--- Task requirements ---
Exact copy, no pictures: set down the lines from the one holding "<Fukuoka Prefecture> Maizuru" through the final line of the records below.

--- The data ---
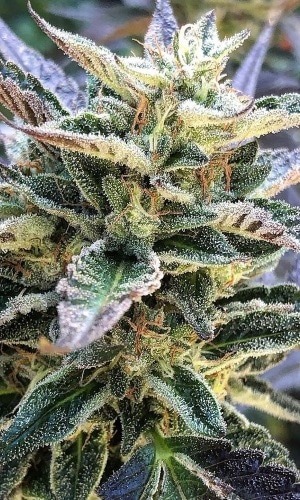 Akorn cannabis strain from TH seeds seedbank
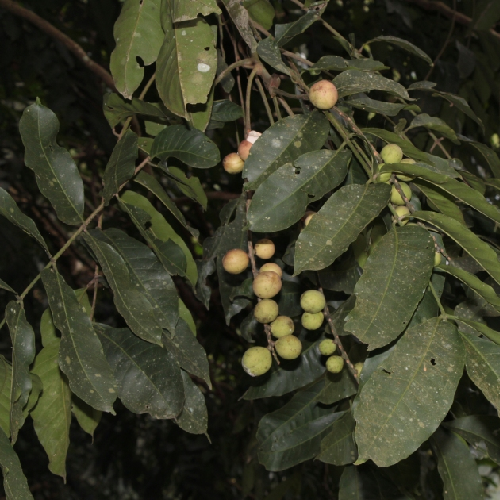 Rohituka tree (Harinkhana, हरिनहर्रा Harin-hara)
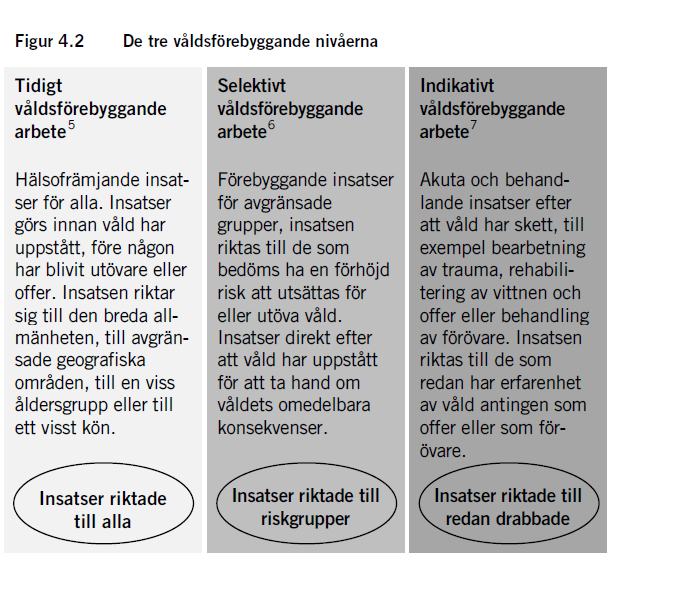 De tre våldsförebyggande nivåerna 5.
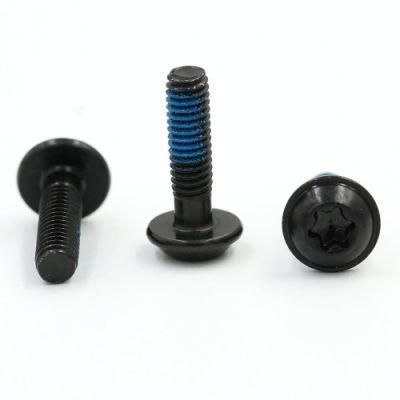 Customized Locking Torx Pan Head Nylok Patch/Coated Screws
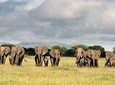 Four Days: Arusha-tarangire -ngorongoro (classic)
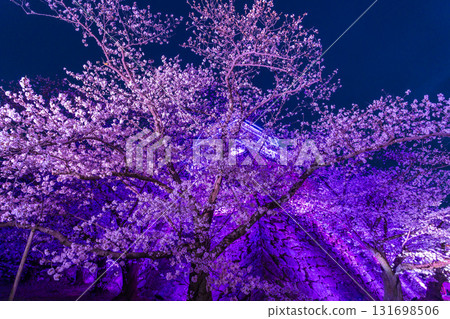 <Fukuoka Prefecture> Maizuru Park - Illuminated cherry blossoms in full bloom 131698506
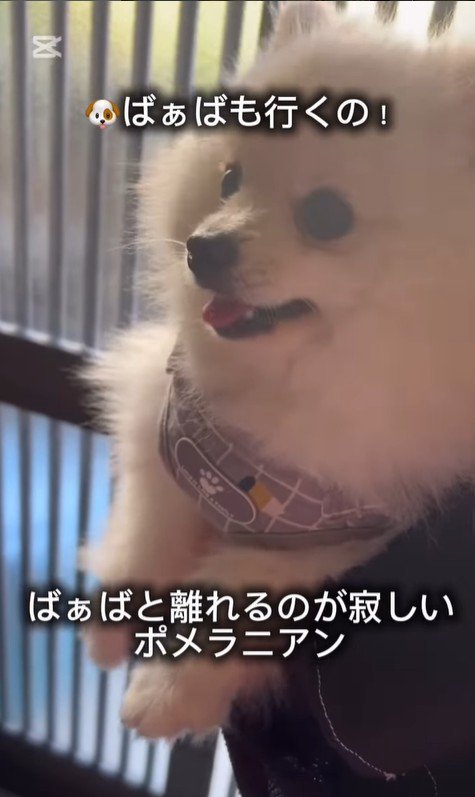 おばあちゃんと離れたくないすのぅちゃん4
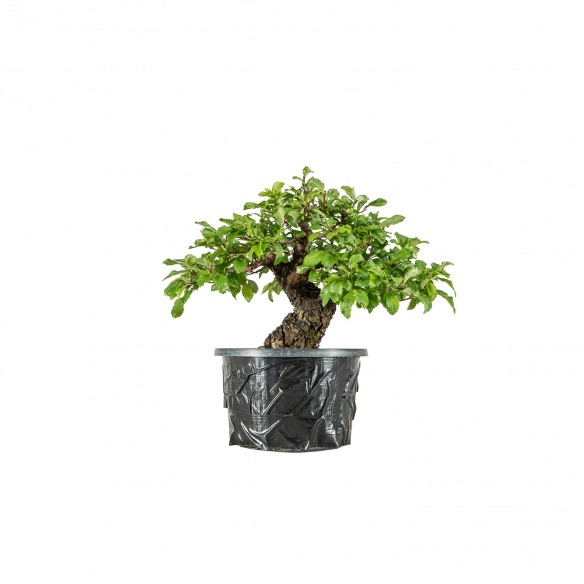 Zelkova nire - B6134
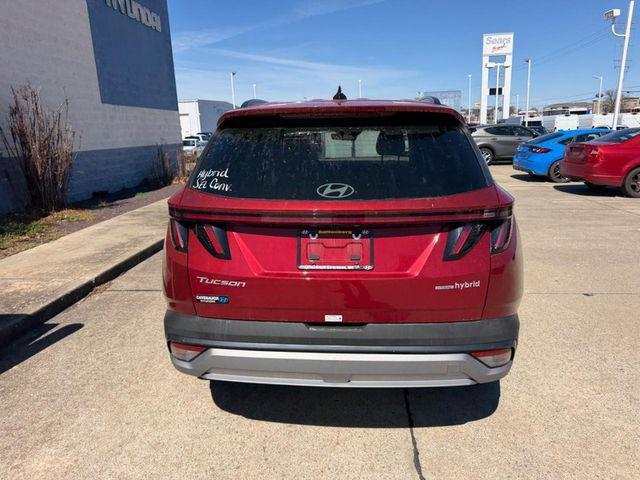 2026 Hyundai Tucson Hybrid SEL Convenience Cape Girardeau MO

--- The answer ---
 <Fukuoka Prefecture> Maizuru Park - Illuminated cherry blossoms in full bloom 131698506
 おばあちゃんと離れたくないすのぅちゃん4
 Zelkova nire - B6134
 2026 Hyundai Tucson Hybrid SEL Convenience Cape Girardeau MO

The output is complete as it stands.